Here’s why this is weird. The first thing to ask about a story is whether you like it. The first thing is not to go down some list of characteristics a putatively good story is supposed to have and look for ways in which the story in front of you does or doesn’t measure up. Sometimes good stories are built around flat characters. Sherlock Holmes and Doctor Watson are flat characters, but many people love to read stories about them. I read them often myself. Sometimes good stories are written in bizarre broken English. Amos Tutuola comes to mind; The Palm-Wine Drinkard is great, partly because of its bizarre broken English. You read it and you know it’s great. Then, if you like, you ask why. That’s the correct order.
It’s not that any story of mine has received this treatment recently (although they certainly have, often); I’m not thinking of any particular incident.
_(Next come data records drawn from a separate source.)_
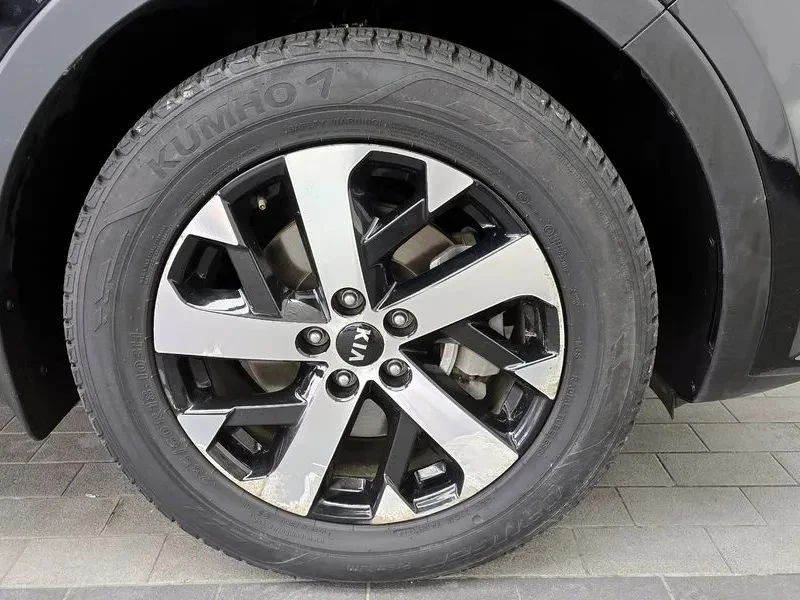 Kia Sorento, снимка 5 - Автомобили и джипове - 56737327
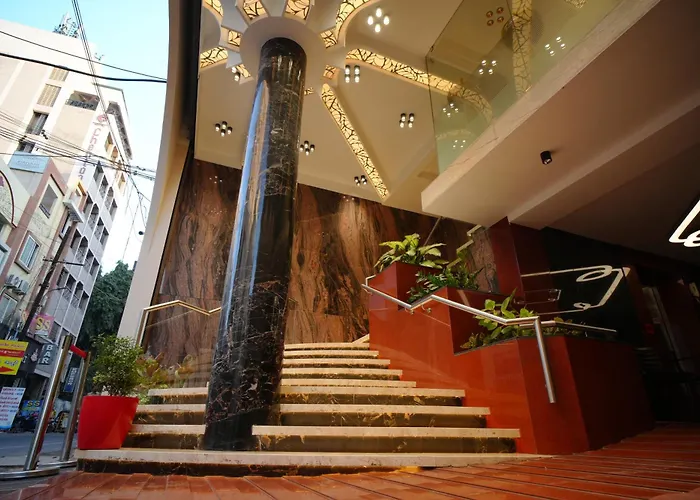 Hotel Grand Sabarees
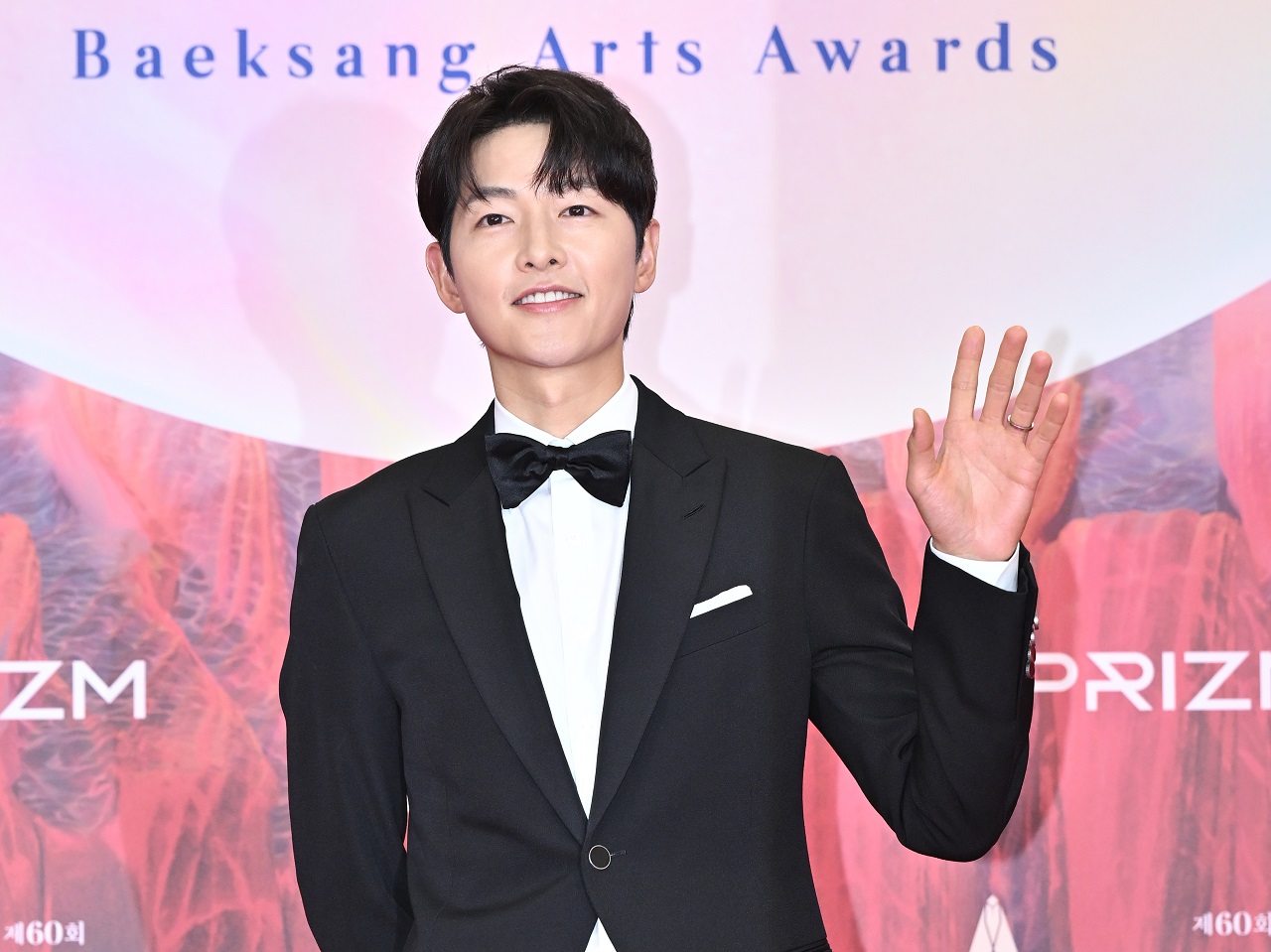 小栗旬や赤西仁、ハン・ヒョジュが出演する日本Netflix作品にソン・ジュンギが特別出演決定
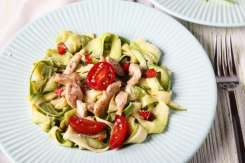 Tăieței din zucchini fit cu pui și parmezan
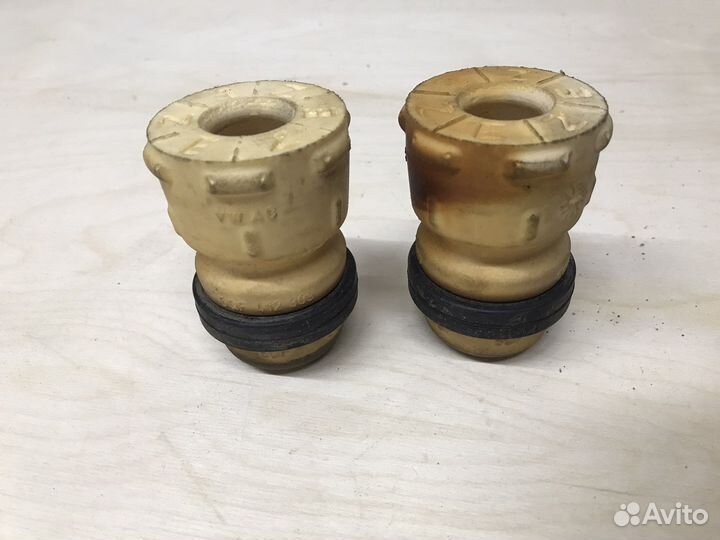 Отбойники передних амортизаторов Tiguan 2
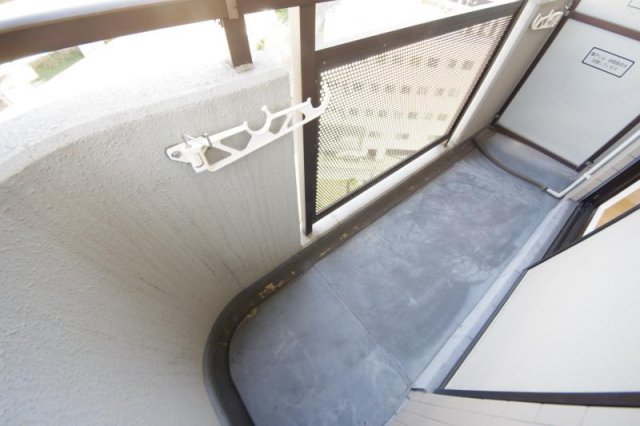 バルコニー　お洗濯にも便利なバルコニー付き
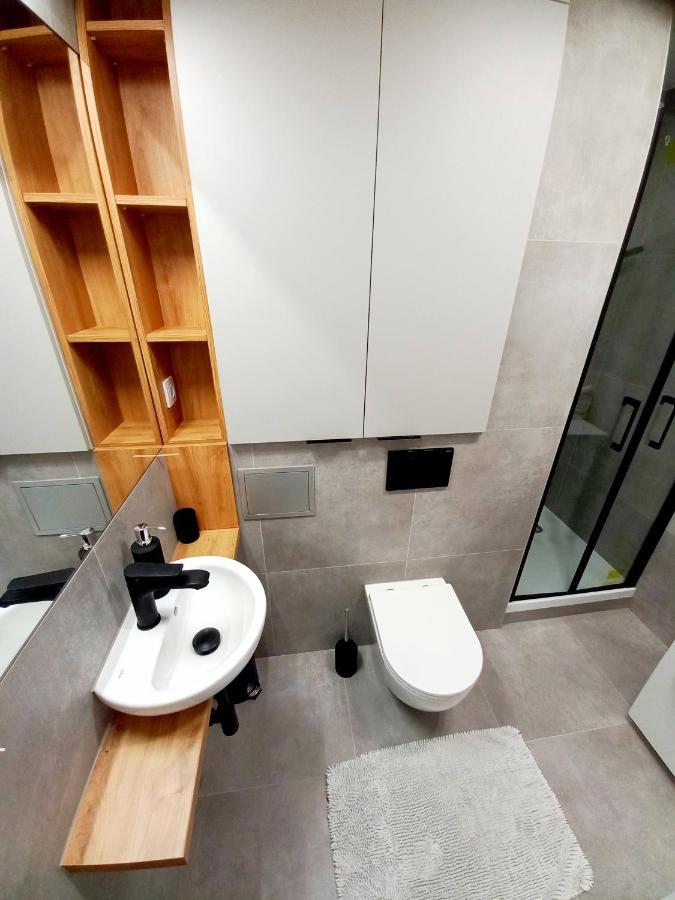 Neoapartments Lotnicza Wrocław Buitenkant foto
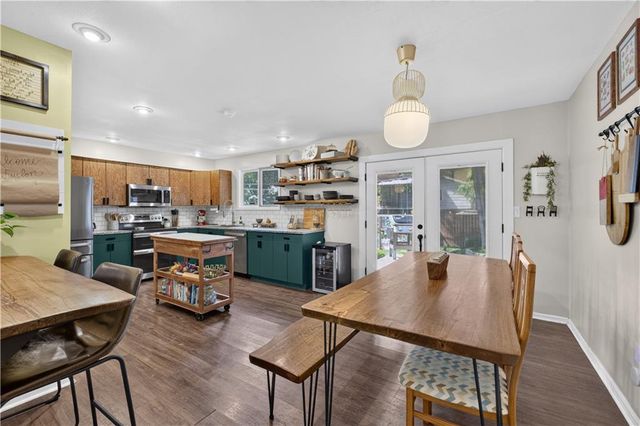 8004 W 64th Terrace, Mission, KS 66202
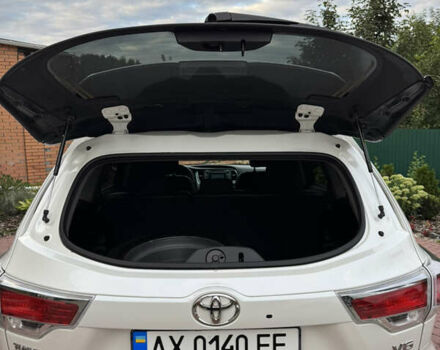 Белый Тойота Хайлендер, объемом двигателя 3.46 л и пробегом 245 тыс. км за 23500 $, фото 9 на Automoto.ua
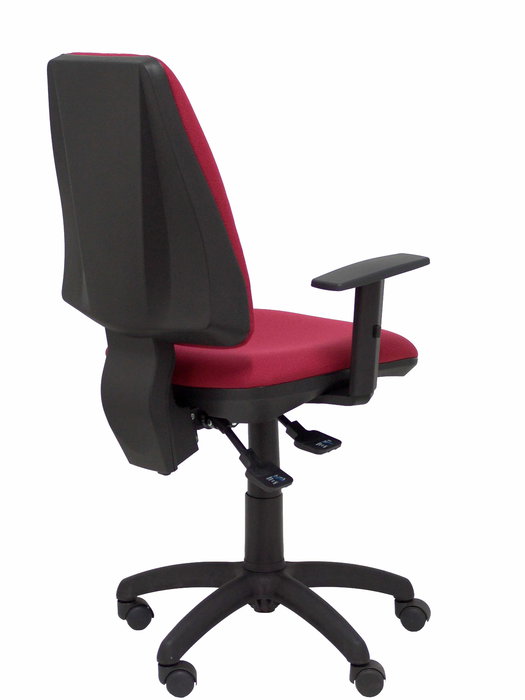 Silla de oficina Elche con mecanismo Asincro tapizada con Tela color Granate. Equipada con Base poliamida negra, Brazos 1D y Ruedas de nailon 50 mm
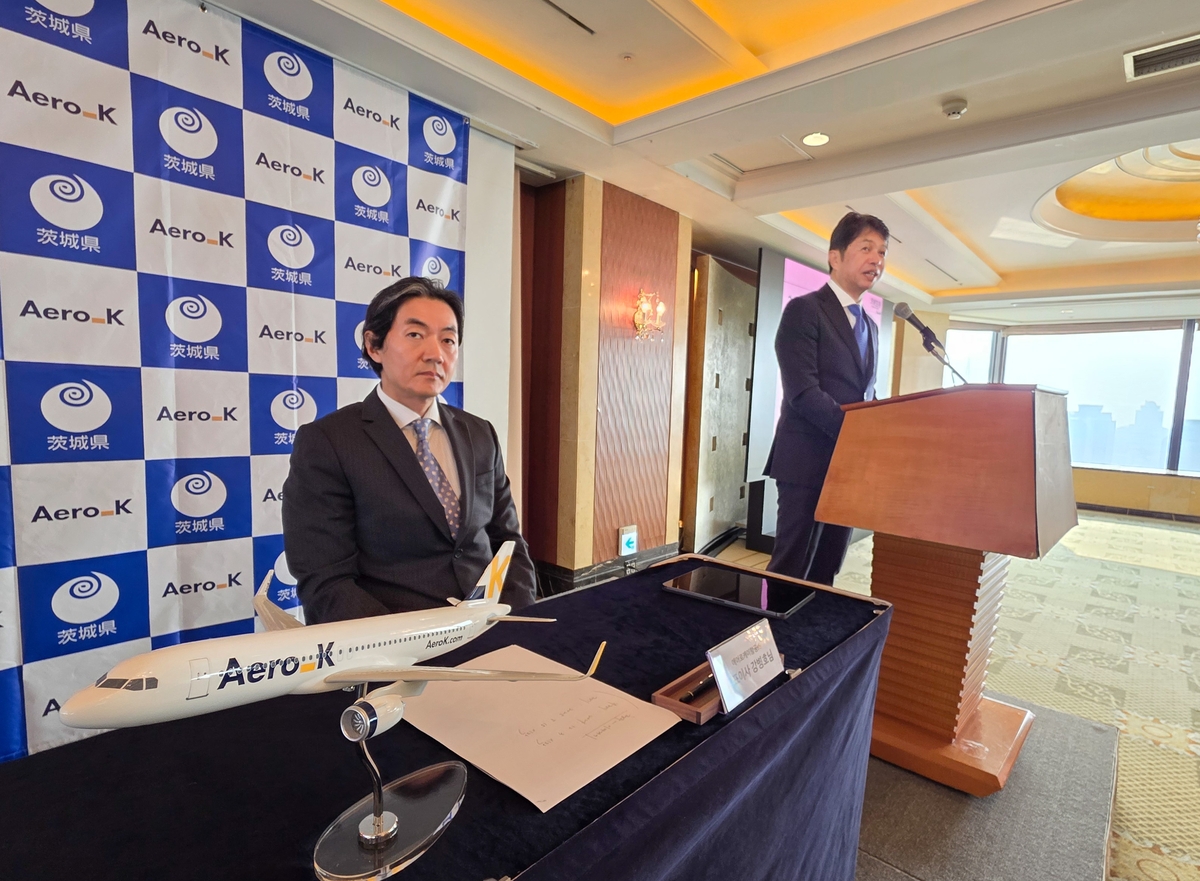 13일 서울 소공동 롯데호텔에서 열린 일본 이바라키현의 에어로케이 취항 발표 기자회견의 오이가와 카즈히코 이바라키현 지사(오른쪽)와 강병호 에어로케이 대표. [사진/성연재 기자]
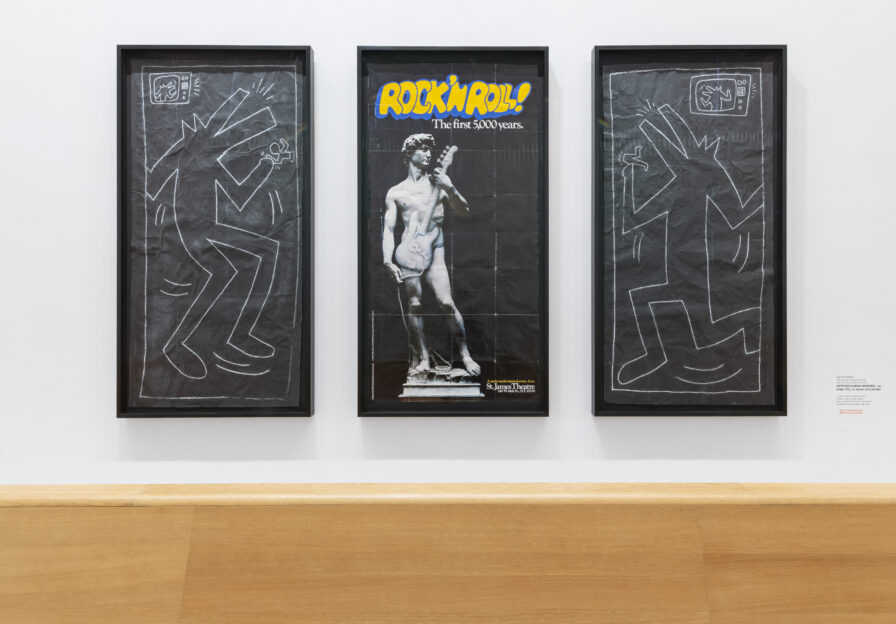 Ausstellungsansicht mit gemaltem Bildern an der Wand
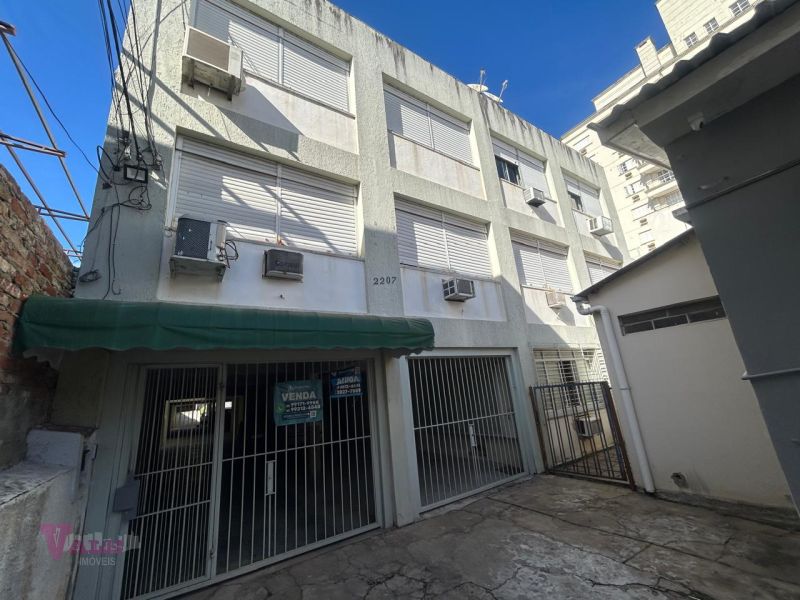 Apto 3 quartos no bairro CENTRO em SANTA MARIA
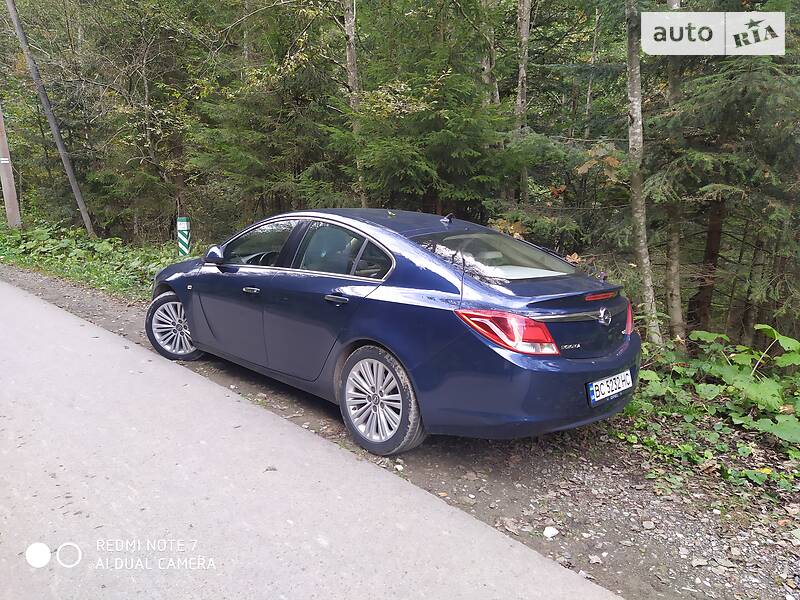 Хэтчбек Opel Insignia 2012 в Золочеве фото 16 Хэтчбек Opel Insignia 2012 в Золочеве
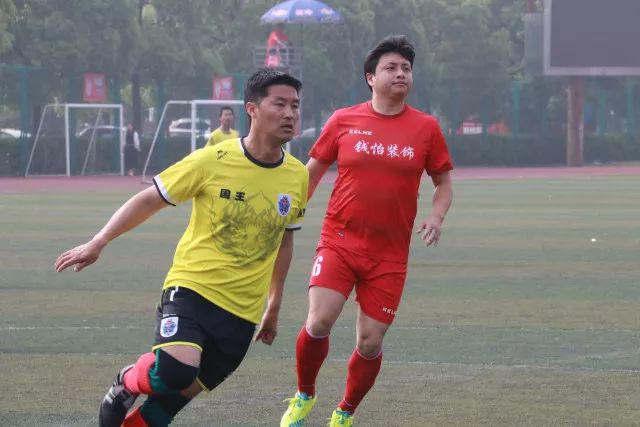 梅西谈任意球“偷袭”：主裁已经鸣哨，我没注意沃齐尼亚在门柱旁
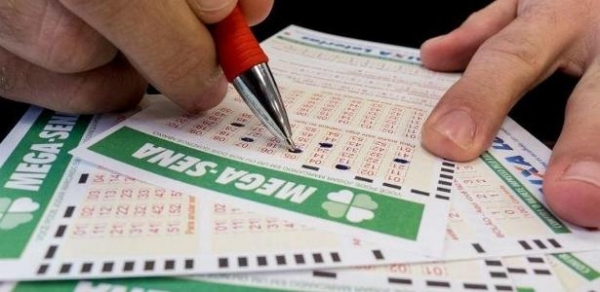Mega-Sena acumula e pode pagar R$ 60 milhões no sábado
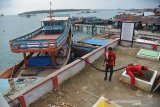 Petugas SPBU mempersiapkan selang saat mendistribusikan bahan bakar minyak (BBM) premium dan solar dari kapal ke tangki penyimpan di SPBU Pulau Balai, Kecamatan Pulau Banyak, Kabupaten Aceh Singkil, Aceh, Minggu (8/9/2019). PT Pertamina (persero) menyuplai sebanyak 32.000 liter premium dan solar subsidi satu harga dalam seminggu menggunakan kapal khusus kontruksi kayu untuk kebutuhan sejumlah nelayan dan masyarakat Pulau Banyak yang terdiri dari(99 pulau besar dan kecil di wilayah terluar di Aceh. Antara Aceh/Ampelsa.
But I was reading some mainstream literary magazines, I won’t say which ones, and marvelling at how carefully crafted and how boring the stories were. Carefully crafted, boring stories come from paying attention to the characteristics a good story ought to have and then writing towards those characteristics instead of taking care that your story is, first and foremost, actually good.
I am sorry this is so vague. It’s just something that came to mind, a strange misconception that I often think about.
Henry James said that what makes a story good is its quality of “life.” He had a whole critical apparatus based on this notion of “life.” What the hell did he mean? I’m sure I don’t know any better than anyone else. But if Henry James wasn’t willing to get any more specific than “life,” I’m not sure the rest of us should either.
Comments (2)
Like teaching for the test, not the content of the course. Truly an annoying phenomenon. I’ve come to this opinion only after I’ve been out of school for a while. Unfortunately, at the time, I really wanted the grades even more than the knowledge.
It’s as though in our love for naming and cataloging parts of things, we forget that there may be other parts (perhaps the most important parts) that are less easy to describe, and that therefore get left out. Knowledge that’s hard to test, for example, or this quality of “life.”